Extracted information:
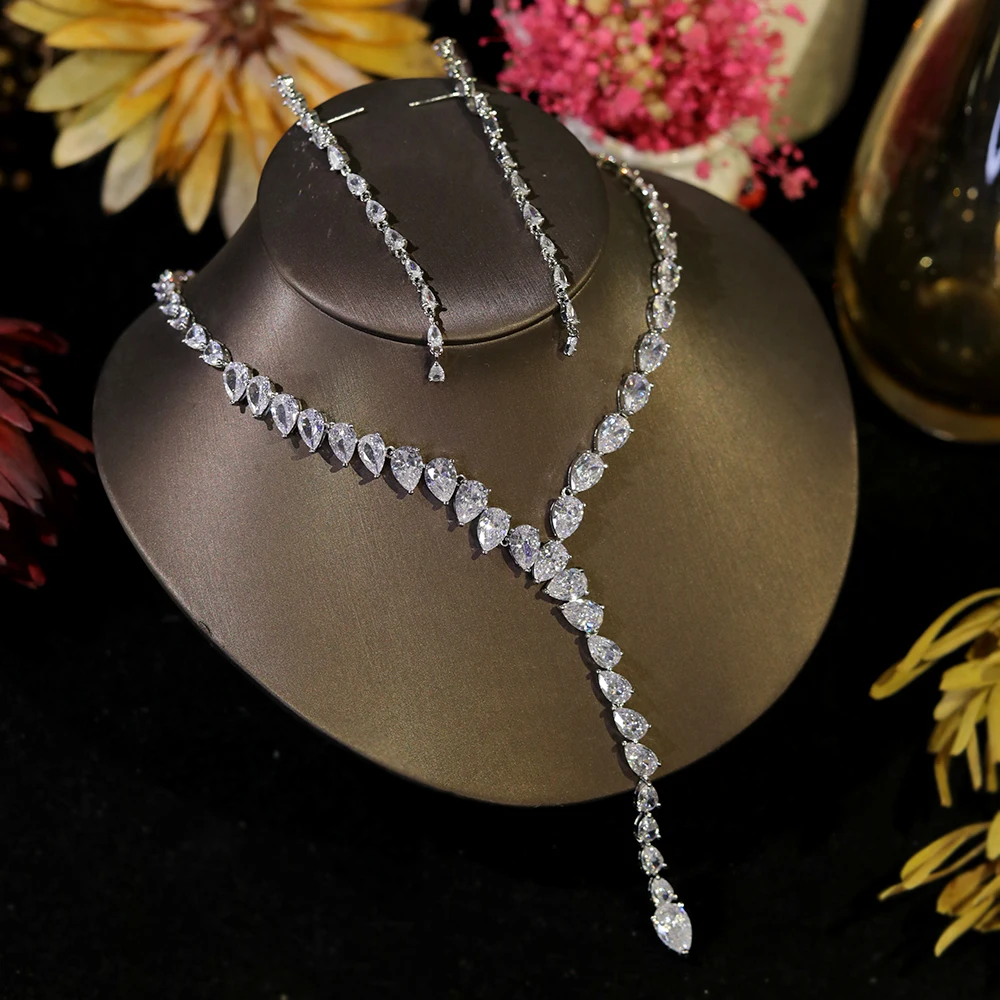 2024 Fashion Zircon Pendant Choker Water Drop for Women Vintage Clavicle Chain Crystal Collar Necklace Bridal Jewelry Sets Gift 2024 Fashion Zircon Pendant Choker Water Drop for Women Vintage Clavicle Chain Crystal Collar Necklace Bridal Jewelry Sets Gift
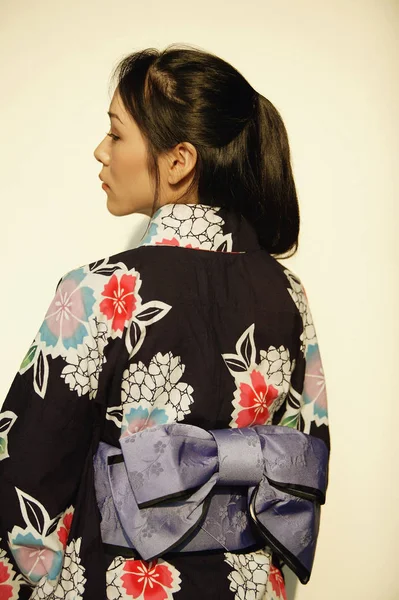 Junge Frau im Kimono — Stockfoto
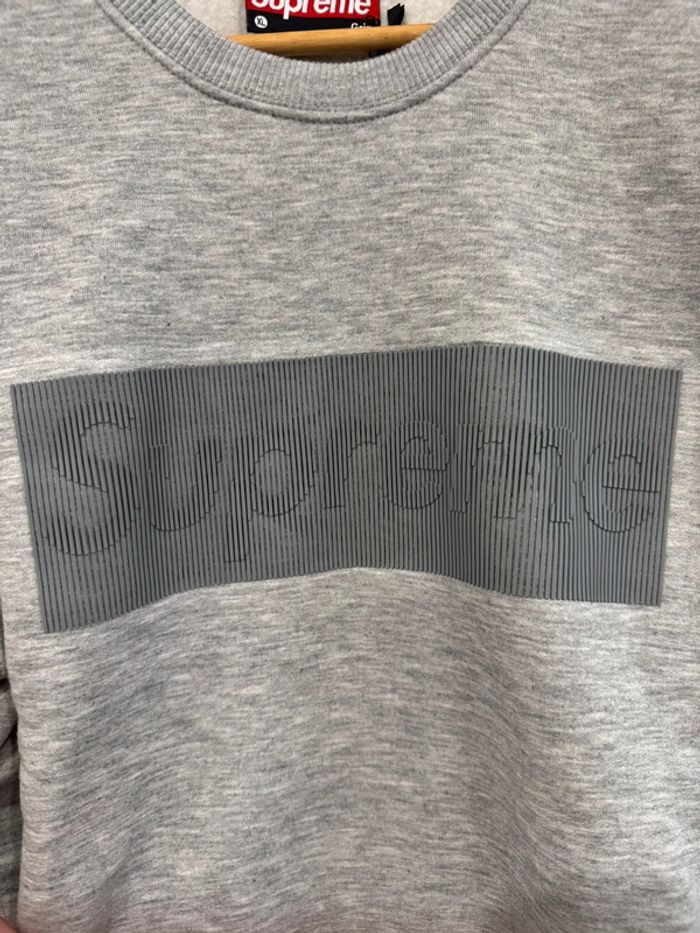 Pull / Sweat gris Supreme Taille XL - photo numéro 2
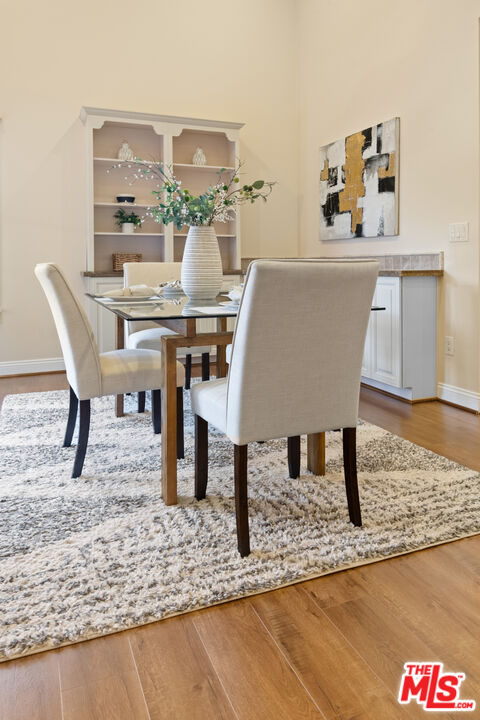 441 University Avenue Burbank, CA 91504 - Photo 12 of 40 Gallery Image 12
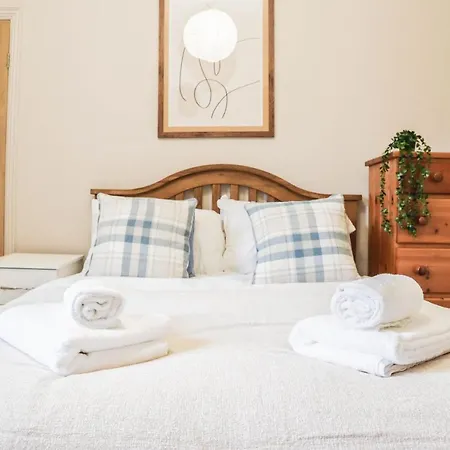 Stunning 5 Bed House In Clapham - Free Wifi! * London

What is expected: Now reproduce all of the entries precisely, with no pictures in the copy.

Task answer:
 2024 Fashion Zircon Pendant Choker Water Drop for Women Vintage Clavicle Chain Crystal Collar Necklace Bridal Jewelry Sets Gift 2024 Fashion Zircon Pendant Choker Water Drop for Women Vintage Clavicle Chain Crystal Collar Necklace Bridal Jewelry Sets Gift
 Junge Frau im Kimono — Stockfoto
 Pull / Sweat gris Supreme Taille XL - photo numéro 2
 441 University Avenue Burbank, CA 91504 - Photo 12 of 40 Gallery Image 12
 Stunning 5 Bed House In Clapham - Free Wifi! * London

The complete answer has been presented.